This past week I mailed out my Nintendo Switch (the V1, not the OLED) to be modded, basically so I could install a bunch of add-ons for Tears of the Kingdom. Challenge Mode, Depths of the Kingdom, the randomizer, etc. That’s what they get for not doing DLC, I guess. It cost me $340, but the software is installed in addition to the hardware and everything is backed up, so provided it comes back and works, I will hopefully be able to use that for emulators and such in addition to the mods, not that I’m hurting for emulation between the Switch 2, the arcade that The Patient Mrs. bought me for my 40th, my phone, laptop, etc., but you know, the more the merrier. Hopefully that’ll be back this week, unless I get ripped off and the guy ghosts me. Always possible.

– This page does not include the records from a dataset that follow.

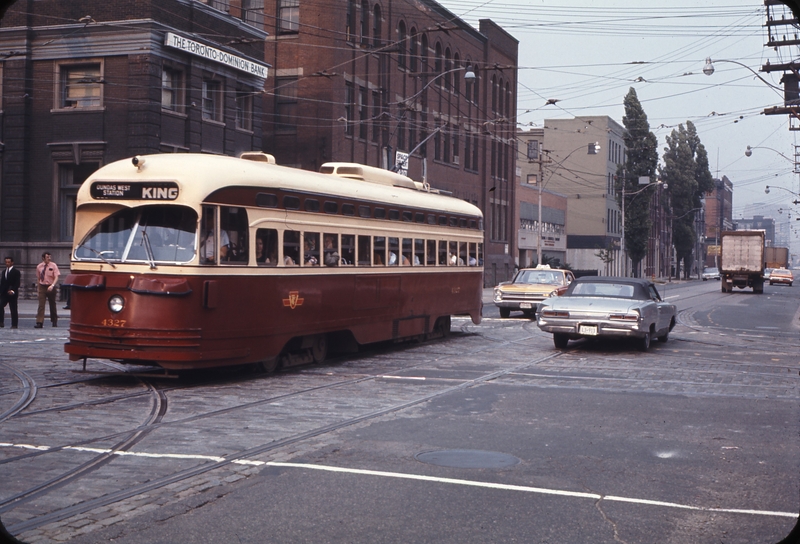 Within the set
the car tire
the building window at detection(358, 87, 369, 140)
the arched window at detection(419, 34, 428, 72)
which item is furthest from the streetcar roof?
the arched window at detection(419, 34, 428, 72)

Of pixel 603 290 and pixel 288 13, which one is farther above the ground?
pixel 288 13

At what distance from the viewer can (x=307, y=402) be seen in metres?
11.6

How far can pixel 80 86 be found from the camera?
34.2m

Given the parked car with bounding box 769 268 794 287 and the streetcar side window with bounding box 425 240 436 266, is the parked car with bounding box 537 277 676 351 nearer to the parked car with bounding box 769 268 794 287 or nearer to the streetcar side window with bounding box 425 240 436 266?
the streetcar side window with bounding box 425 240 436 266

In my own game — Tears of the Kingdom, this is — I got 999 silver lynel horns, all by fighting. I triggered blood moons, but other than that each one of those is a monster I beat. The last 500 or so were in cycles of 10 zipping around the game map. It was a project I had when I started the game, and something I’ve concentrated on in I-have-15-minutes-lemme-do-this fashion. I don’t know how many hours I’ve played, but I’ve had the game going probably for about 15 months and have long since 100-percented the map and questlines. There’s stuff like armor upgrades that I’ve held back on doing on purpose, and they added voice memories for the Switch 2, which I’ll do eventually. I can see myself as an old man not knowing where I am but chasing down koroks on the Great Sky Island. Just put me somewhere in front of a Nintendo.

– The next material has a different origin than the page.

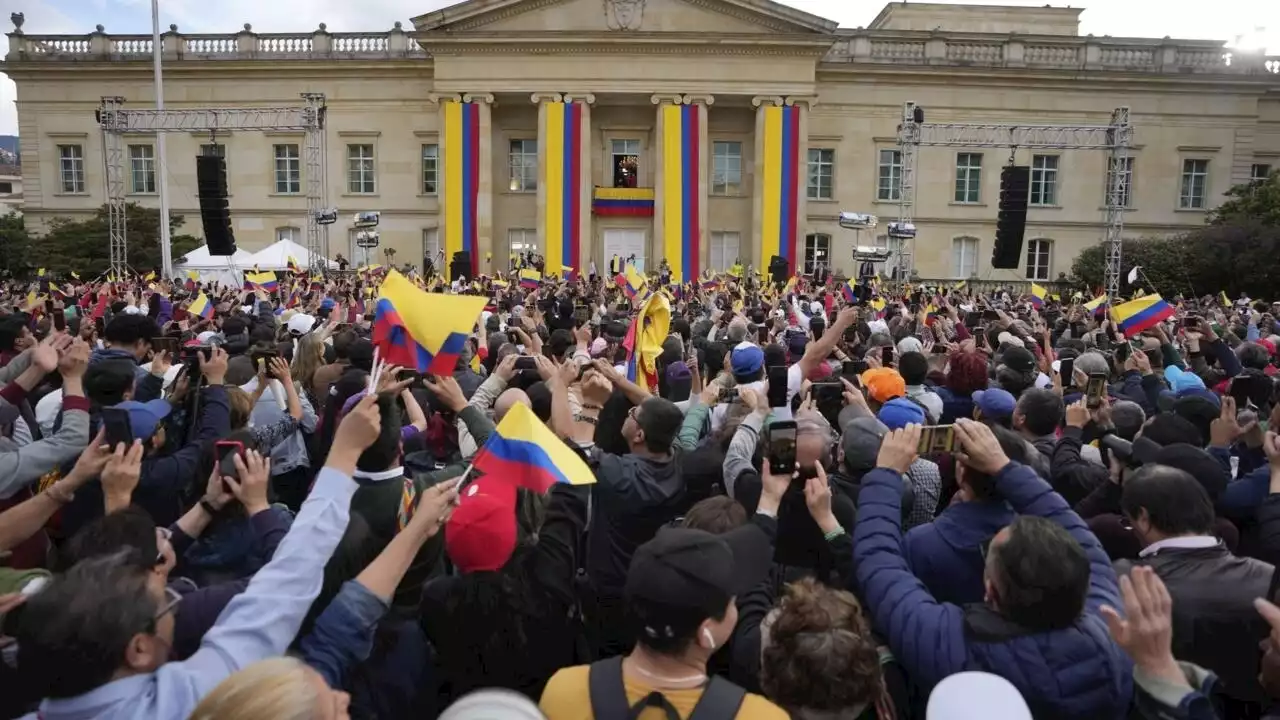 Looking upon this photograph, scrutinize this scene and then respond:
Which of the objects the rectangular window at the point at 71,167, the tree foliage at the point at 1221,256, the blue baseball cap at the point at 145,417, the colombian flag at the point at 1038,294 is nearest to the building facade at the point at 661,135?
the rectangular window at the point at 71,167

We also beat Donkey Kong Bananza this week and that was fun. And The Pecan started OT (yay) twice a week (yay) which Thursday couples with her Lego robotics class (yay), which rules. The Patient Mrs. has her signed up for kids track-and-field next week and that sounds more like a thing where we’ll get pulled aside and asked not to come back after one or two painful practice sessions. I was hoping social skills group would be the only boot we got this summer. The Patient Mrs. still wants to find her a sport. Individual focus and lower likelihood of brain trauma makes track a reasonable option. I can’t see this kid doing drills, though. Stand around and wait her turn while the coach works with someone else. Ugh. I think that’s next week. Could be three weeks from now. I barely know when it’s my night to do bedtime.

Whatever today is going to bring, I’m looking forward to it being over. That’s pretty much where I’m at.

Have a great and safe weekend. Make sure you hydrate, have fun and all that. It’s August this week, so if you’re starting your summer tour, I hope the travel’s easy. I’ll be around same as ever.

FRM.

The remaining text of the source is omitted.